As a teenager with a Dartmoor obsession, I devoured the guide. Brian was sensible not to try to update the guide. It didn’t need it, Dartmoor hadn’t changed that much in sixty years, despite being Britain’s most abused National Park, and, as Brian pointed out, the result wouldn’t have been Crossing’s guide.
There’s not a bit of Dartmoor left out from the hundreds of walks Crossing suggests, or not that I’ve found. And his Hints to the Dartmoor Rambler chapter is one of the best thoughts on what you might encounter on your walks. The summary of ancient tracks is superb, giving further scope for moorland expeditions.
Best of all, Crossing caught Dartmoor at an interesting time, before the modern world got at it. When folk farmed in a traditional way, when old folktales were still being told around the moorland hearths, when antiquarianism was being transformed into archaeology.
William Crossing was born in 1840 and died in 1928. He lived a lot of his life in poverty, writing hard to keep himself out of the workhouse. In old age, crippled up with rheumatism, only the charity of friends kept him from poor relief. He did some desultory, badly-paid work for the Dartmoor Preservation Association, which hardly benefited him (I know the feeling!)
His contribution to the DPA’s work has never been properly appreciated.
I think back fifty years to the day I emerged from a Newton Abbot bookshop with my copy of the reprint.
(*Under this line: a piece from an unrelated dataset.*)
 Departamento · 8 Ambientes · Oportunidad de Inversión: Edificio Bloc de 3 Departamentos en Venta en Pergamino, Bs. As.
Now, though I collect guidebooks, I seldom follow routes in them, but I made up my mind that day to walk every single walk Crossing suggested – and I did, though it took several years. Interestingly, there were only a few where I had to improvise, where, for example, reservoirs had been built or conifers planted – I do wonder how many other Dartmoor walkers have done every walk in the book exactly as Crossing suggested?
In that period, everyone referred to the book simply as “Crossing”, such was its authority. I suspect most Dartmoor walkers these days hardly glance at it, which is their loss. There are some excellent modern writers of Dartmoor guidebooks, but none of the present generation come close to William Crossing.
I used Crossing’s work as written evidence in numerous Dartmoor campaigns, from fighting mining companies to preserving the ancient lines of footpaths. He remains an authority worth quoting.
When I quit the Dartmoor Preservation Association in 2005, it was suggested to me that I should write a topographical book on the Moor. I gave it serious thought and decided not to do it. How could I compete with writers like Crossing, or Richard Hansford Worth, a predecessor of mine at the DPA, who wrote fine archaeological essays about the place?
I may still write a non-fiction Dartmoor book – you might like to try my Dartmoor thriller novel Dangerous Game – but it won’t be a guide, more an autobiography of those days when Dartmoor was less crowded, when I explored the Moor in Crossing’s footsteps. I can’t compete with the great William Crossing.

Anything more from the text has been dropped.